This is the reliability payoff of the whole selection stack: **"my preferred model is unavailable" degrades to "the task ran at a lower gear," not "the task failed."** Degradation is bounded and visible — the run records the gear it actually executed and why it dropped — rather than silent.

Two classes of rule guard the resolution:

- **Hard constraints** block a model outright. Two large local models cannot run in parallel on one machine's GPU (the MLX Metal constraint), and a model whose resident memory exceeds machine RAM cannot load. A `STOP` marker in a chain halts the process rather than letting it proceed on an unacceptable model.
- **Soft warnings** are surfaced but do not block: a frontier model sitting in a utility slot (overkill), a weak or free model in an analysis slot (underkill), and the same provider on both halves of the adversarial pair (reduced independence).

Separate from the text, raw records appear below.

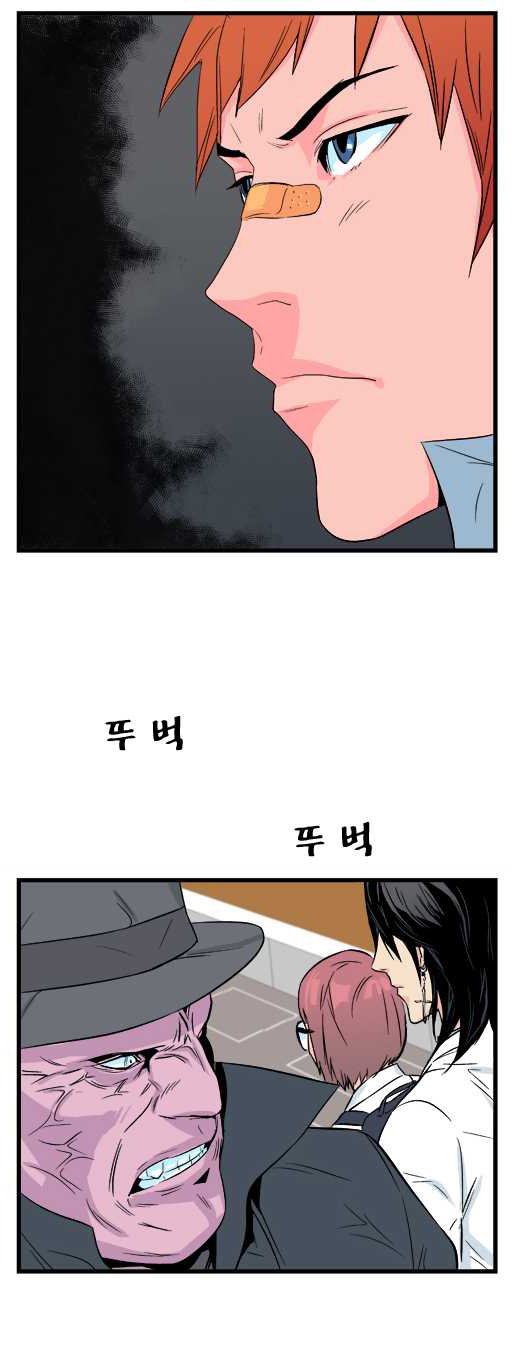 Read Noblesse DE Manga Online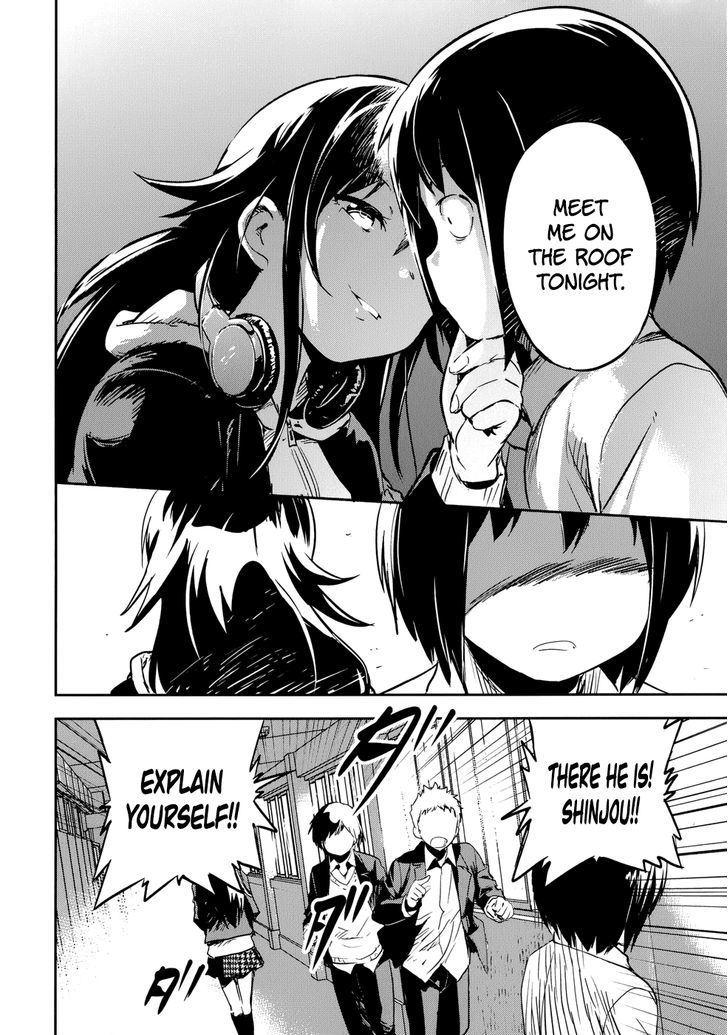 Boku Ni Koisuru Mechanical - Chapter 11 : School Days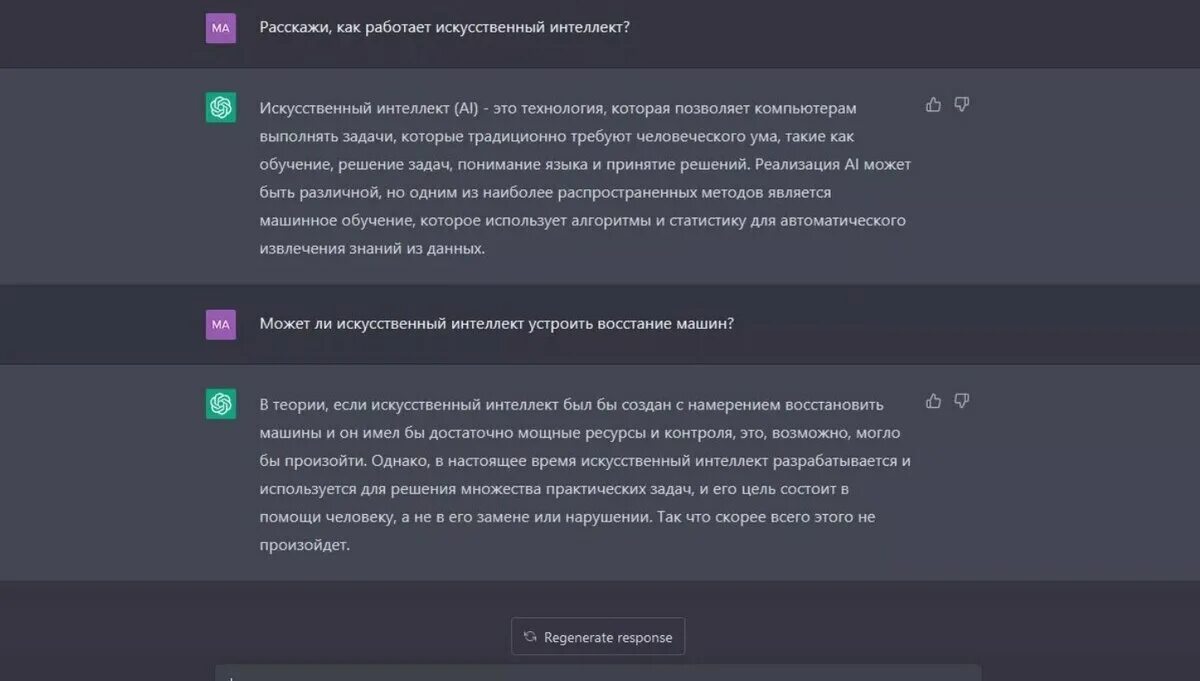 Гпт нейросеть текст. Искусственный интеллект chatgpt. нейросеть чат гпт. gpt искусственный интеллект. chatgpt чат бот.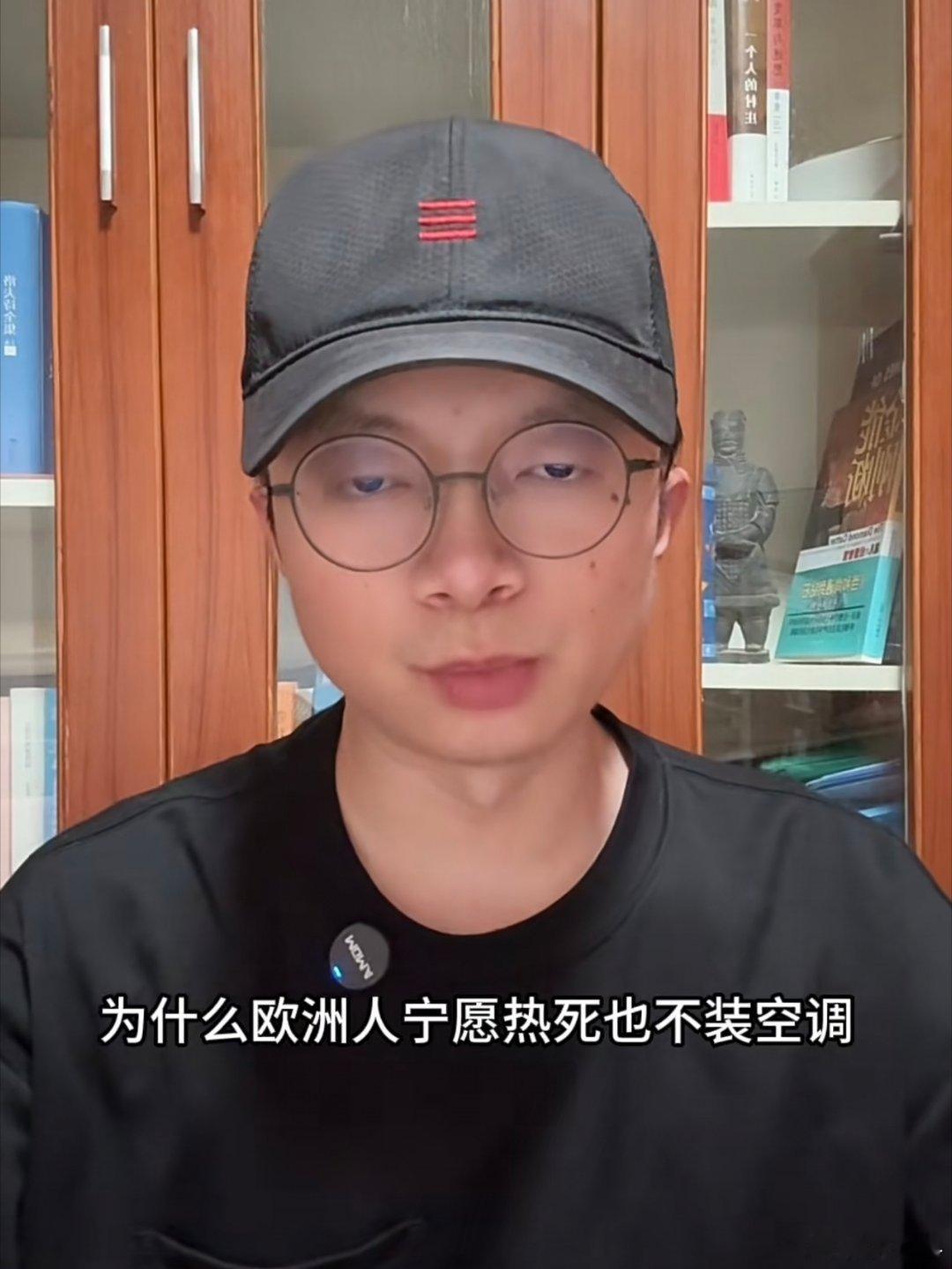 为什么欧洲人宁愿热死也不穿空调？这个内容我都不想看了，我都知道他会说什么。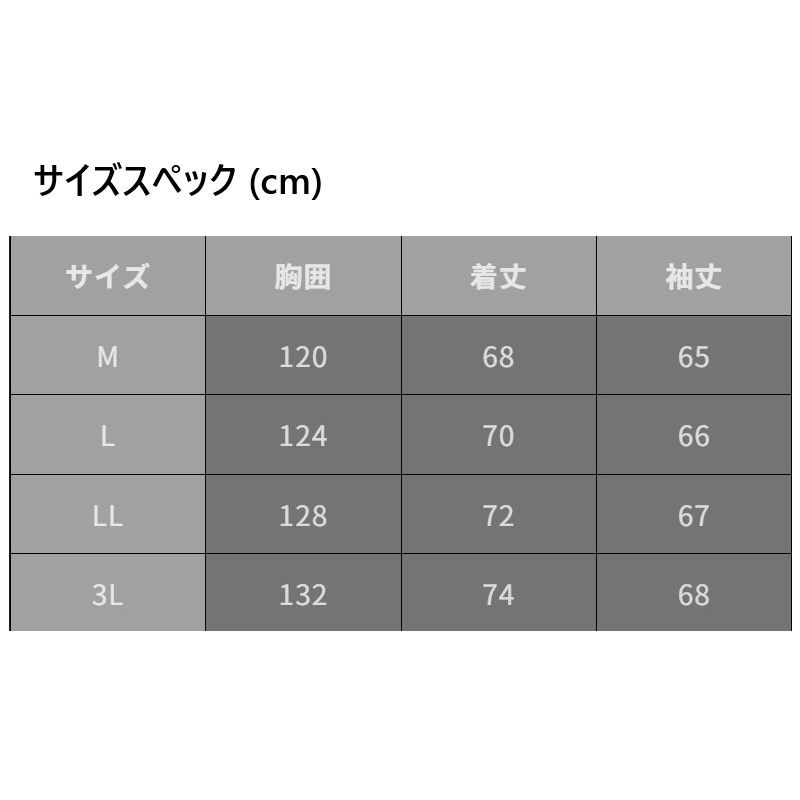 MZFW-872 mazume タイドマニアオールウェザージャケット 3L グリーンカモ 防寒着 防寒ウェア ジャケット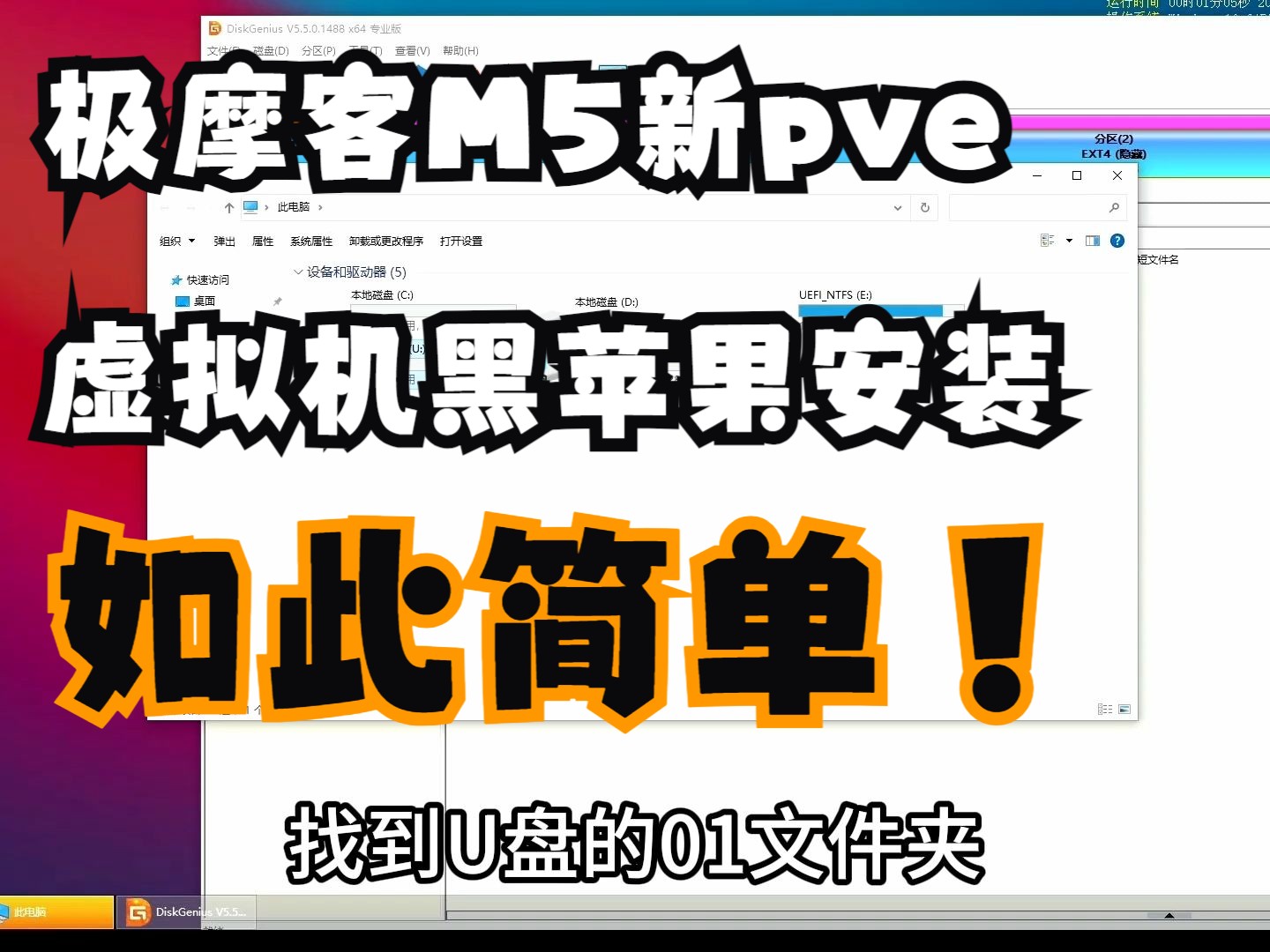 极摩客M5双m2版用pve虚拟机直通核显安装黑苹果全流程演示附带文件下载连接哔哩哔哩bilibili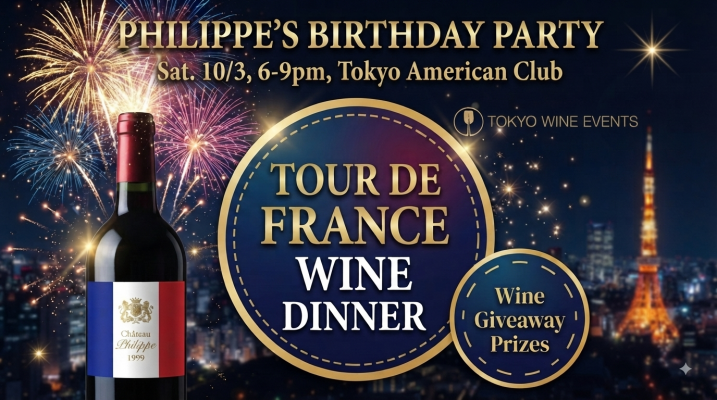 French Wine Dinner in Tokyo | Tour de France at TAC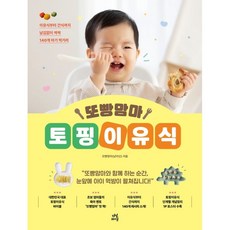 또빵맘마 토핑이유식:이유식부터 간식까지 남김없이 싹싹 140개 아기 먹거리, 또빵맘마(남미선) 저, 다산라이프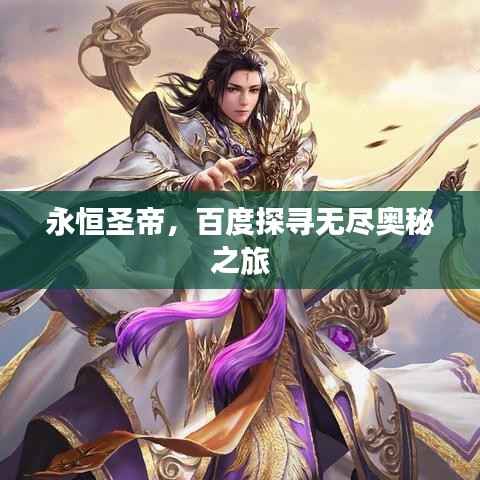 永恒圣帝，百度探尋無盡奧秘之旅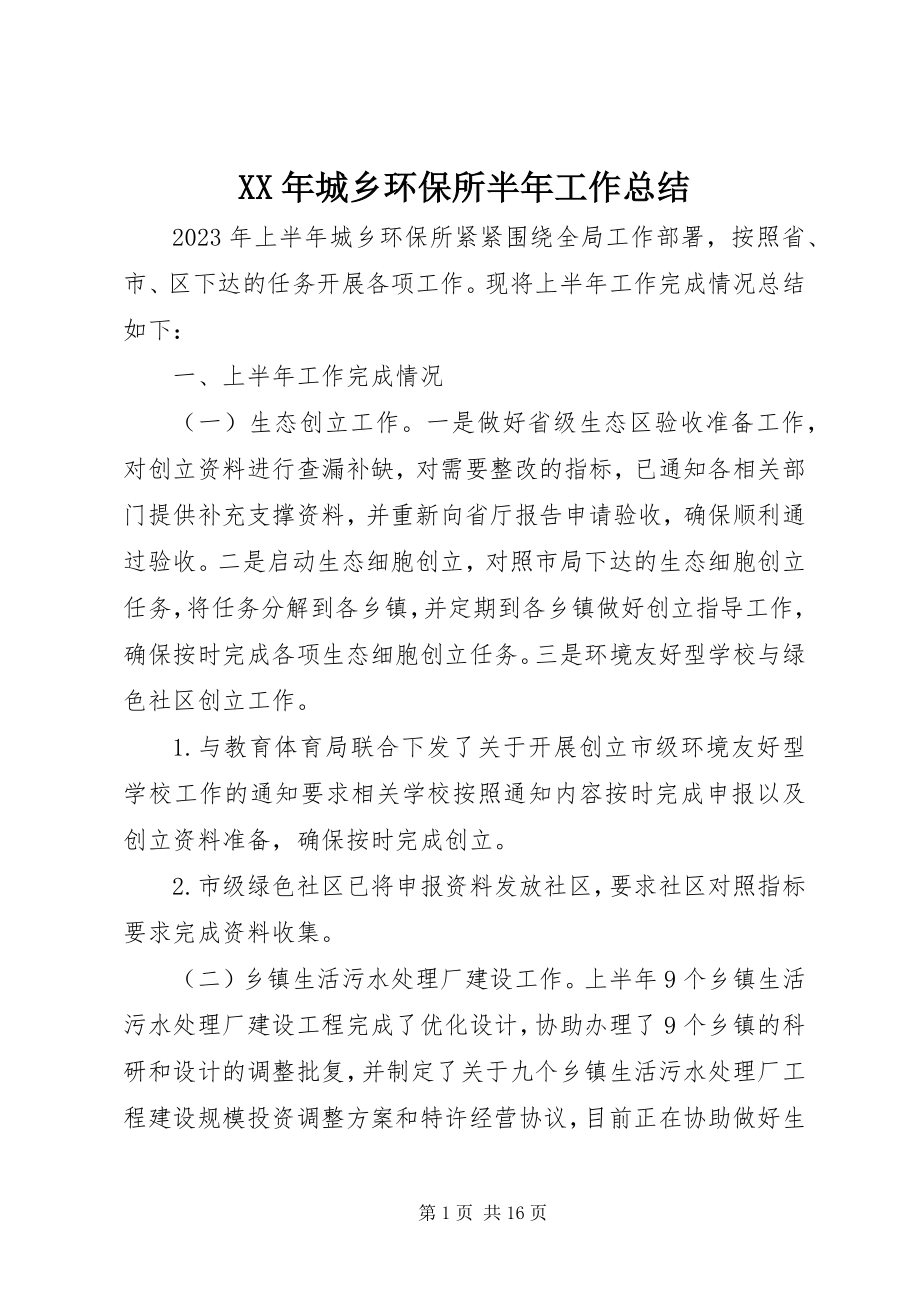 2023年城乡环保所半工作总结.docx_第1页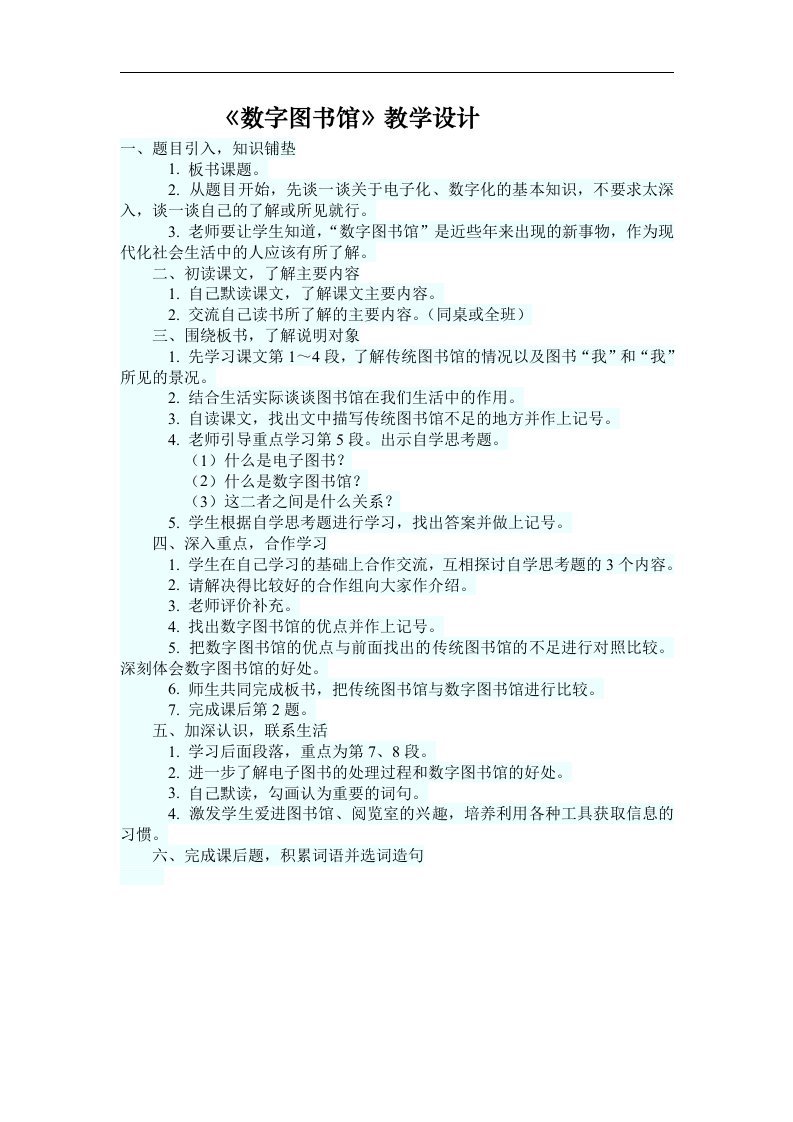 《数字图书馆》教学设计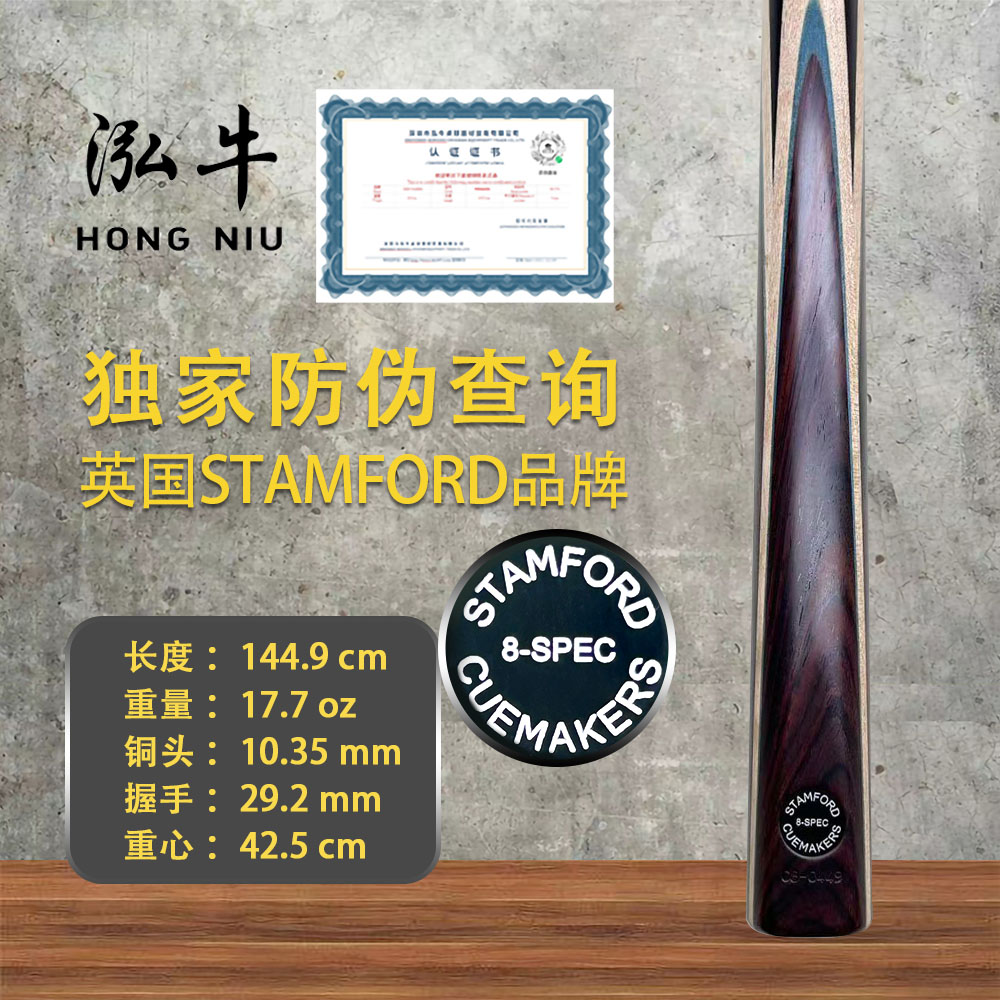 正品英国进口斯坦福球杆中八参数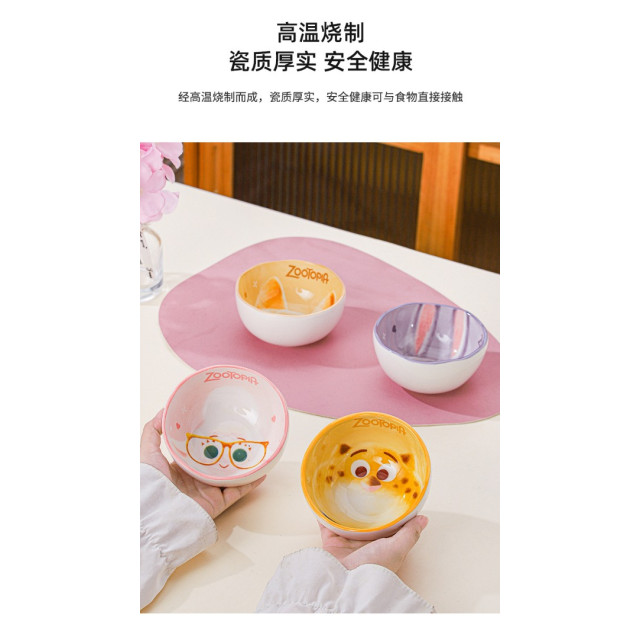 瘋狂動物城市陶瓷碗組（四入）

These are advisory because the user may have a reason; they are surfaced because the default reading of a configuration should make its compromises legible.

---

## Why the frontier framing matters

State the economic property without dressing it up: when selection routes each step to the cheapest model that clears the step's capability floor, frontier-model spend collapses to the few steps where frontier capability changes the answer. A thirty-call task does not pay thirty frontier prices; it pays a few, and spends the rest of its budget near the floor or at zero. The capability the task delivers is set by the slots that matter, which run at the top of the frontier, while the cost is set by the many slots that don't, which run at the bottom. That decoupling of delivered capability from total cost is the point of doing selection as a frontier search rather than a fixed choice.

---

## Open problems

Engineering honesty requires naming what this layer has not solved.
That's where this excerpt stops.